The Caracoles: Chile’s Snail-Shaped Shopping Centers

Autora: Liliana de Simone

DE SIMONE, L. (2017) “The Caracoles: Chile’s Snail-Shaped Shopping Centers”. En: From Mall to Prison: El Helicoide’s Downward Spiral, editado por Celeste Olalquiaga and Lisa Blackmore. New York: UR Terraform. p. 114-145.

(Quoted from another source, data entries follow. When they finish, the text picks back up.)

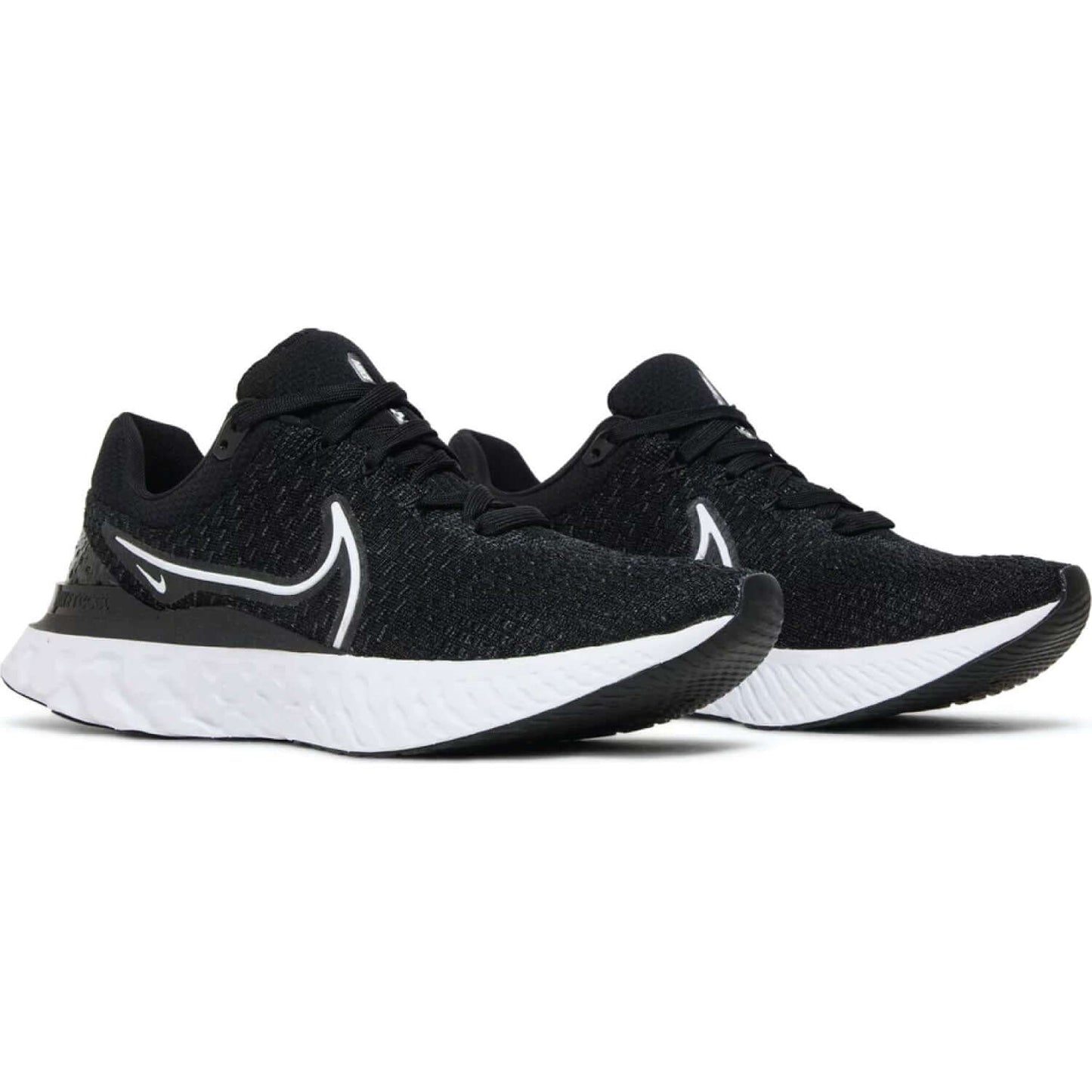 React Infinity Run Flyknit 3 'Black White'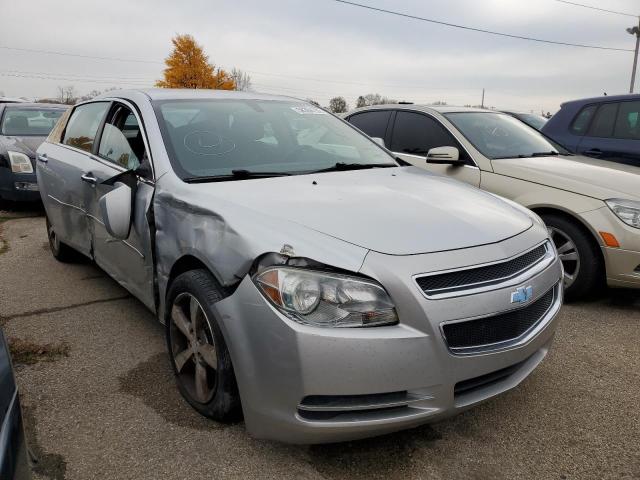 1G1ZC5E05CF302737 - 2012 CHEVROLET MALIBU 1LT 银色 照片 1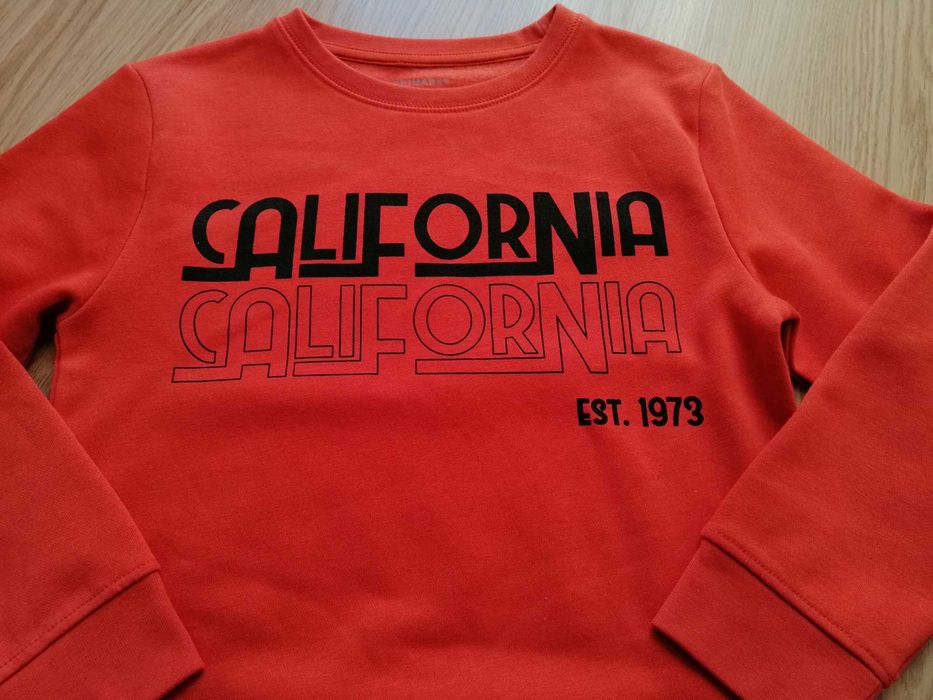 Sweat California (Novo): Tam 8-9 Anos
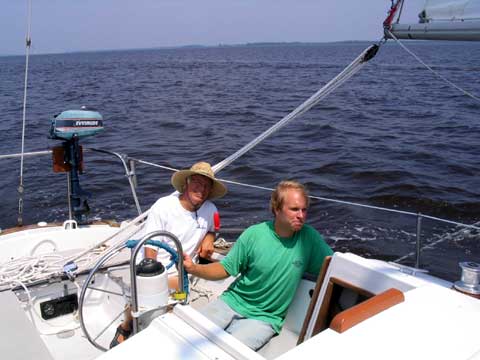 Pearson 33 sailboat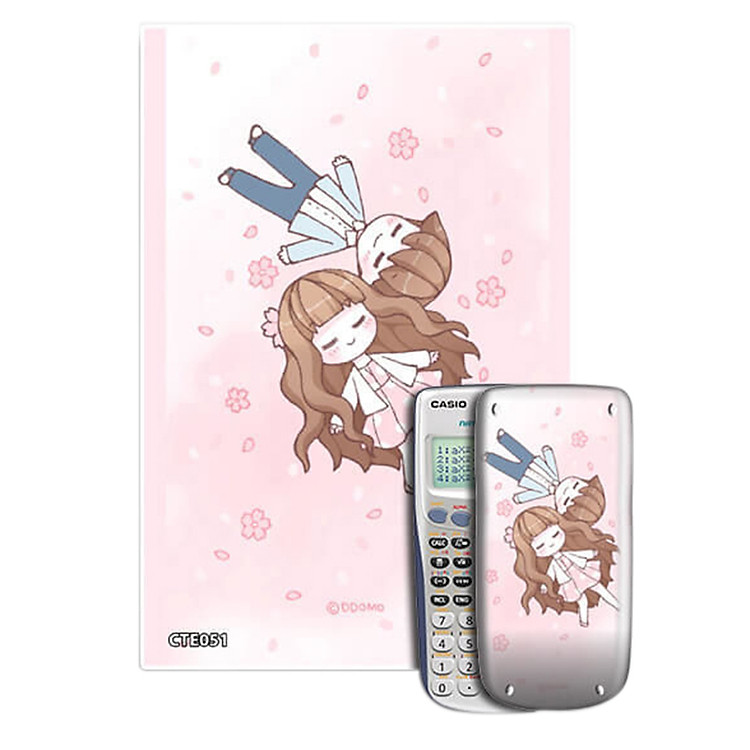 Decal Máy Tính Casio Ngộ Nghĩnh Dễ Thương 051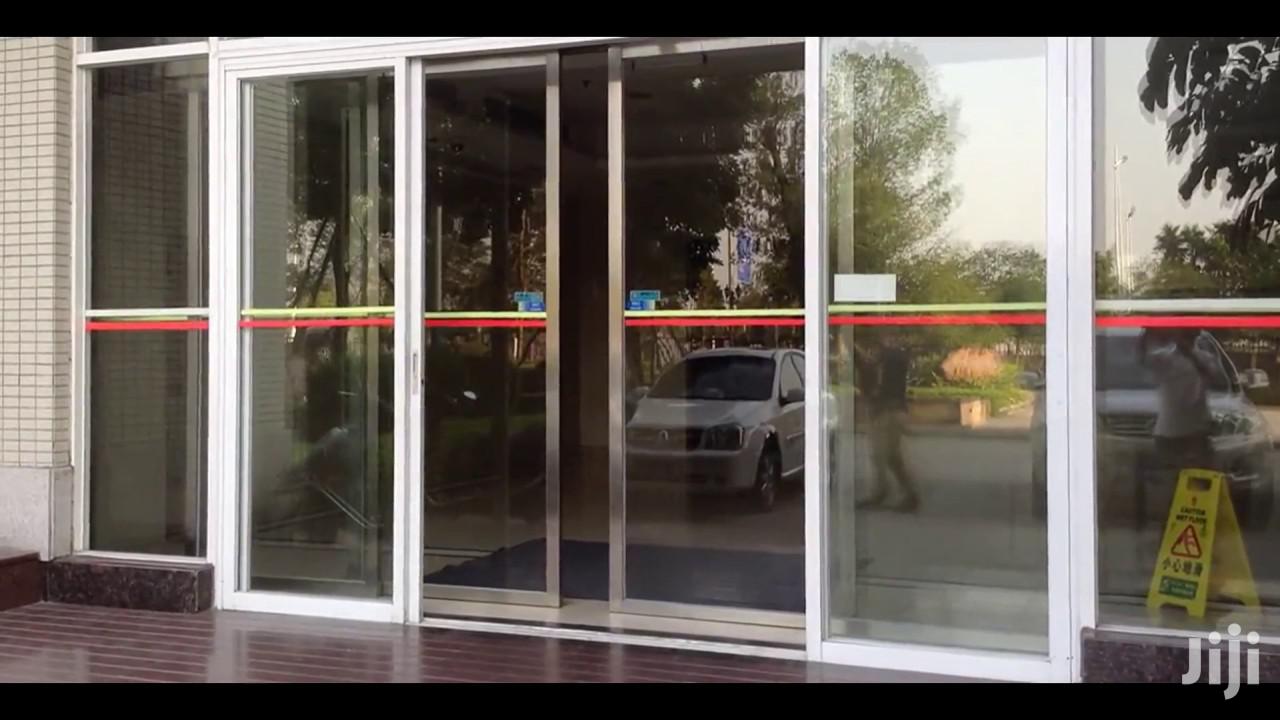 Installation Of Automatic Sliding Door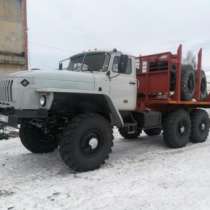 грузовой автомобиль УРАЛ 43204 лесовоз, в Северске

During the 1970s and 80s, Chile emerged as a laboratory for architecture based upon spiral geometries, attracting aesthetic and political criticism from different fronts. Inspired by the American architect Frank Lloyd Wright Guggenheim Museum in New York City (1959), Chilean designers adapted the spiral form to a commercial use that optimized earnings per square meter in city centers, especially in Santiago. These spiral-shaped buildings, called «caracoles comerciales,» or «snail» shopping centers, swept the country beginning in 1973 and through the mid-80s during Augusto Pinochet’s military dictatorship (1973-1989). Nowadays, these structures are seen as leftovers from the regime’s violent imposition of neoliberalism and are often characterized (and satirized) as the harbingers of the social and economic changes that established the commercialized and consumerist city that predominates in Chile today.